Quelques mois plus tard, il est le seul à se porter volontaire pour affronter Jean-Marie Le Pen lors du célèbre débat télévisé sur le thème de l’immigration. Sur ces terres provençales où le Front national enregistre ses meilleurs scores, Tapie fait de la lutte contre l’extrême droite son fonds de commerce électoral : si d’aucuns lui reprochent de reprendre les recettes qui ont fait le succès de Jean-Marie Le Pen et l’accusent de céder à une forme de populisme désidéologisé, le fringant quadragénaire promet de «réduire à moins de 10 % le score du Front national».
Perçu avec méfiance
Aux abois depuis la mort de Gaston Deferre, les socialistes des Bouches-du-Rhône regardent ce novice enquiller les coups de gueule sous les projecteurs. Le nom de Bernard Tapie est cité comme tête de liste départementale aux régionales de 1992. «Si ce qui est bon pour l’OM est bon pour le PS, vive l’OM !» grince le premier secrétaire du PS, Pierre Mauroy.
A la tête d’une liste Energie sud en Provence-Alpes-Côte-d’Azur lors des régionales de mars 1992, aux côtés des fidèles de la mitterrandie Jean-Louis Bianco, Elisabeth Guigou ou Léon Schwartzenberg, Bernard Tapie crée la surprise et arrive en tête dans les Bouches-du-Rhône, avec un score largement supérieur à celui que lui promettaient les sondages.
Billet
Perçu avec méfiance par une partie du PS, l’homme politique Tapie connaît la consécration dans la foulée de l’arrivée de Pierre Bérégovoy à Matignon : il est nommé ministre de la Ville… avant de devoir en démissionner moins de deux mois plus tard après une mise en examen. Blanchi par un non-lieu, il réintègre le gouvernement en décembre 1992, jusqu’aux législatives de mars 1993. «Tapie, je le connaissais très peu avant le gouvernement Bérégovoy. Je l’ai accepté, il s’est révélé un excellent ministre», feindra Mitterrand, à la fin de sa vie.
«Dernière carte»
«Barrer la route au président de moins en moins provisoire de la direction du PS en favorisant l’aventure Tapie, servie par tout ce qui reste de mitterrandistes, tel est bien le plan de l’Elysée. Le patron de l’OM est la dernière carte de François Mitterrand. Cela ne le gênera pas – au contraire – de la jouer contre ses anciens amis socialistes. Tant pis s’ils en sont outrés», écrit en 1993 Sylvie Pierre-Brossolette dans les colonnes de l’Express.

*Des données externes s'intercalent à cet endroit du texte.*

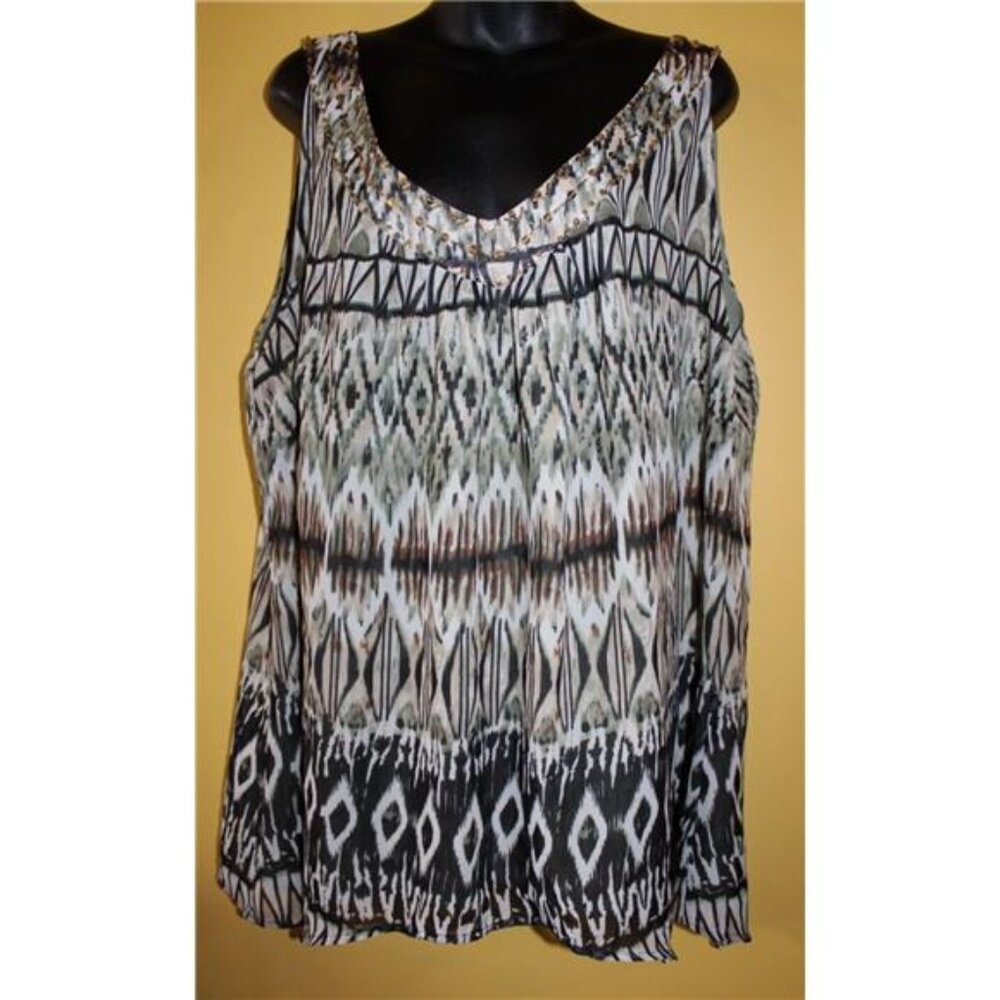 Avenue 22/24 Ikat Tribal Tank Handkerchief Hem 3x Beads at V Neckline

En 1994, pour les élections européennes, Bernard Tapie se rapproche du Mouvement des radicaux de gauche (MRG) et compose une liste qui va laminer les ambitions présidentielles de Michel Rocard, tête de liste socialiste. Avec Christiane Taubira, Noël Mamère et Jean-François Hory, la liste Energie radicale arrive quatrième et recueille plus de 12 % de suffrages, à peine deux points de moins que la liste PS, et devant celle conduite par Jean-Marie Le Pen (10,5 %). «J’ai été abattu par un missile nommé Tapie, tiré depuis l’Elysée», lâchera Rocard
Si l’élection hypothèque irrémédiablement les ambitions élyséennes de Michel Rocard, elle amplifie celles de Tapie, désormais présenté comme présidentiable et, quoi qu’il en soit, favori pour emporter la mairie de Marseille l’année suivante, ville où il est arrivé largement en tête avec 30% des voix aux européennes. L’affaire OM-VA l’obligera à renoncer et l’éloignera définitivement de la politique.